Воробей в коробке. Крылышки распустил, головкой туда-сюда вертит. Хлебные крошки и пластиковая тарелочка с водицей перед ним...
- Жив, бедолага? - спрашиваю.
- Чив-чив! - отвечает.
Надо же, зачирикал голубчик!
- Чив-чив!
Кажется, смотрит на меня чёрными бусинками из-под жёлтых надбровий и благодарит (не зря говорят - воробьи видят мир в розовом цвете):
«Спасибо, мил человек!»
- Да чего уж там, среди людей живём… Среди людей и беда – не беда!

Свистун

После трёх лет добровольной разлуки вернулся в село Васятка Кутырёв по прозвищу Свистун. Вернулся. Отоспался. Надел костюм в полоску, повязал яркий галстук и в парадном виде вышел за ворота, просвистел раздумчиво. В надежде на нечаянную встречу со старыми дружками направился к сельпо.
Навстречу – Акулина. В одной руке – кошёлка, другую козырьком приставила к надбровью.
- Ба-а, никак, Васятка?
- Он самый, бабка Акулина!
- Сходу не признаешь – э-эвон обмужал! Да при таком кустюме. Будто и не нашенский. Иде ж тебя носило?
- Где Макар телят не пас! – хохотнул Васятка.
Бабка не расслышала.
- Робил, што ли, где-то?
- Пахал, бабусь. Пахал!
- Так ведь и нашенские пашут. Пашут, сеют, косют… На кой прах мотался на край света?
- Бабки, бабушка, сшибал! – невольно скаламбурил Васятка Кутырёв. Высвистнул колено, пошёл своей дорогой.
Акулина проводила его долгим мягким взглядом.
- В бабки, вишь, играл! Не-е, не жди путя, не будет. Свистуном останется. Хочь при каком кустюме!

«Звёзды реанимации»

Странный случай был со мной лет 20 тому назад…
После операции в одной из московских клиник прикатили меня в палату, в которой, кроме меня, было ещё двое прооперированных. Отхожу от наркоза. К вечеру заглянул хирург, поинтересовался самочувствием. Присел на краешек кровати, разговорился со скучающими пациентами. О том, кто и как «выходил» из наркоза…
- Ну, Витя, ты мастер материться! – с добродушным упрёком обращается к соседу слева.
- А что, я матерился? – испуганно приподнимается на локте москвич Витя.

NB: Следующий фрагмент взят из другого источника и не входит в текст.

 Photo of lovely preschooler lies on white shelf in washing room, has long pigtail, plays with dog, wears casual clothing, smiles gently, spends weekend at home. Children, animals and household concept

- Ещё как! Трёхэтажным с завитушками! Всем сёстрам досталось!
- Да ну!
- Вот тебе и «ну»!
- А я? – интересуется сосед справа. - Что я?
- Ты? А ты, Слава, пел.
- А что пел-то?
- «Марину»: «Прекрасная синьора синьорина, ты как надежда мне всегда нужна…». Хорошо, кстати, пел. Душевненько! – смеётся хирург.
- Странно… Что это меня на Шуфутинского вдруг потянуло? – недоумевает Слава.

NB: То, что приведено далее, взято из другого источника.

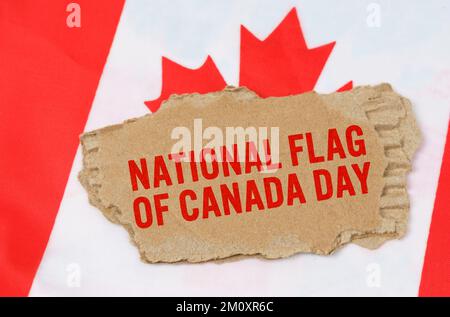 Holidays in Canada. Against the background of the flag of Canada lies cardboard with the inscription - National Flag of Canada Day Stock Photo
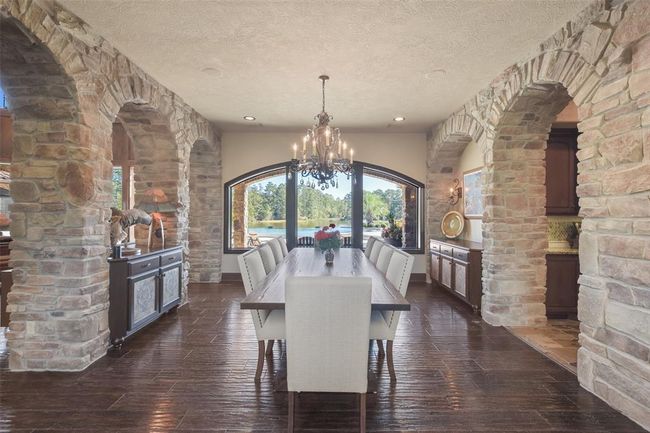 The spacious dining room offers views of the living room through stone peek-a-boo archways | Image 13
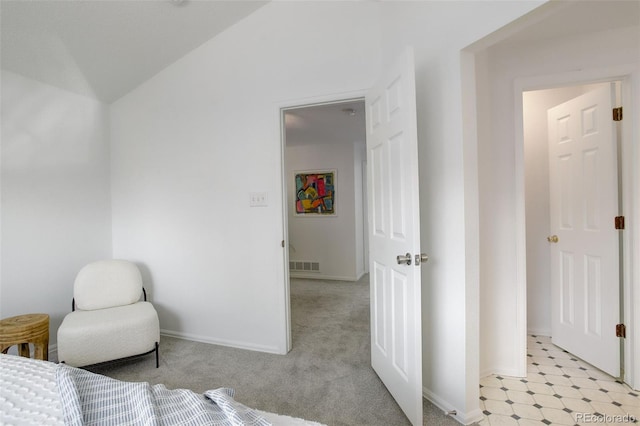 bedroom featuring vaulted ceiling, visible vents, baseboards, and light carpet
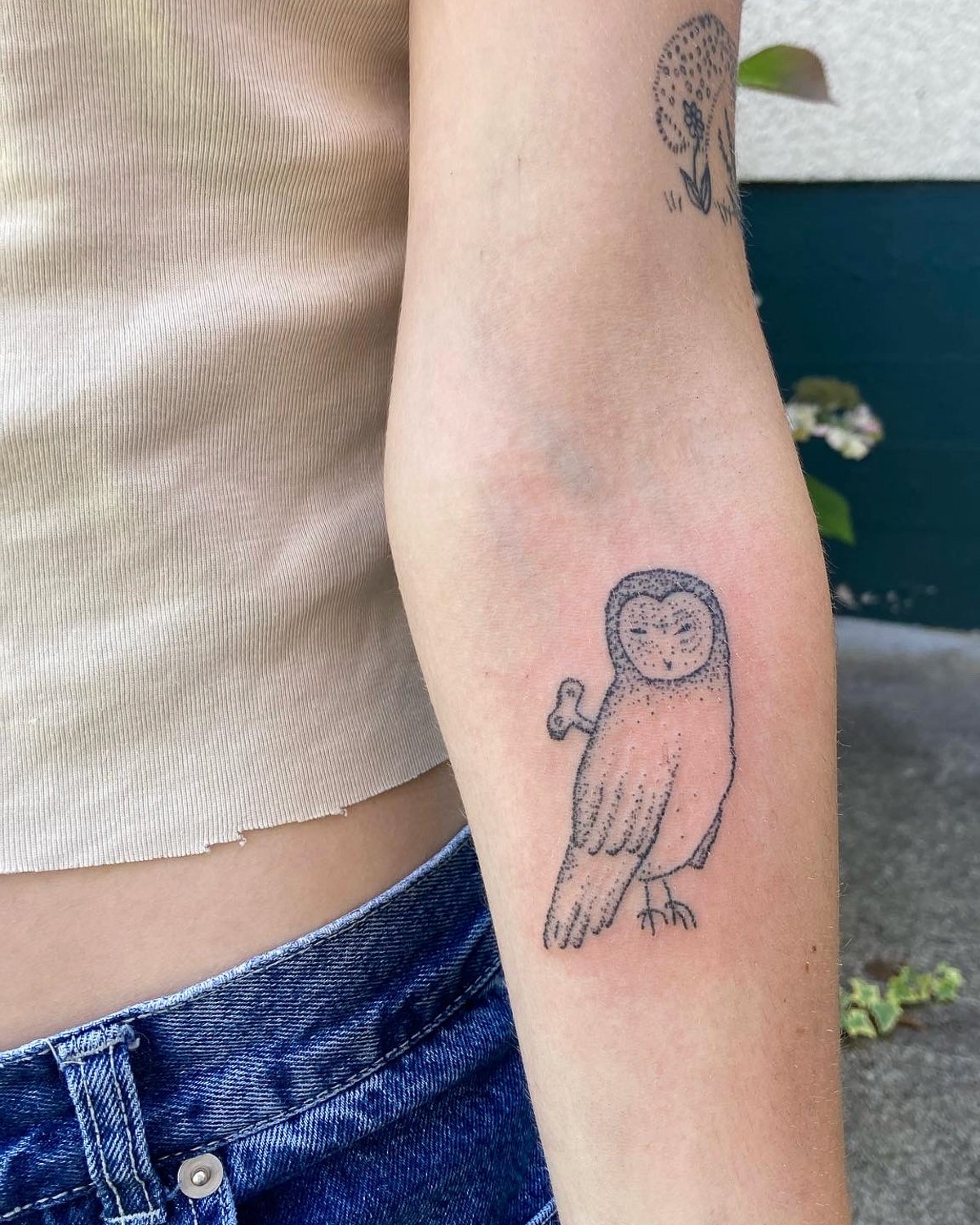 A tattoo of a wind-up owl by Clara Sismondo.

- А я? – Мне тоже интересно, что мог я под воздействием наркоза…
- А ты читал. Стихи.
- Стихи? Чьи стихи?
- Пастернака. Что-то там: «Какое, милые, у нас тысячелетье на дворе…»
- Не может быть!
- Читал. Причём, с чувством… Ну ладно, звёзды реанимации, поправляйтесь!

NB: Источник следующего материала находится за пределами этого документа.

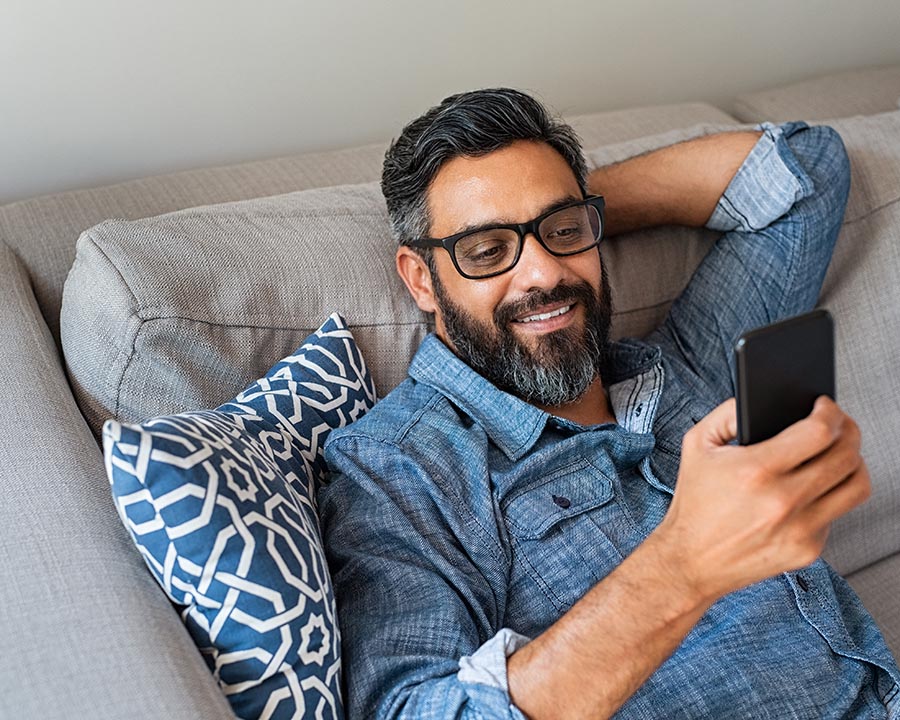 Happy smiling man using smartphone device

Хирург встал и ушёл по своим врачебным делам, а я, как, впрочем, и Витя и Слава, долго ещё не мог поверить в его слова… Как это я мог читать Пастернака, если я ничего, кроме «Доктора Живаго», у него толком не читал? Не заучивал же концовку романа!
Первым делом после возвращения из больницы я нашёл томик стихов Пастернака и впервые в жизни прочёл его по-настоящему. Он, этот томик, и по сей день у меня на глазах в книжном шкафу.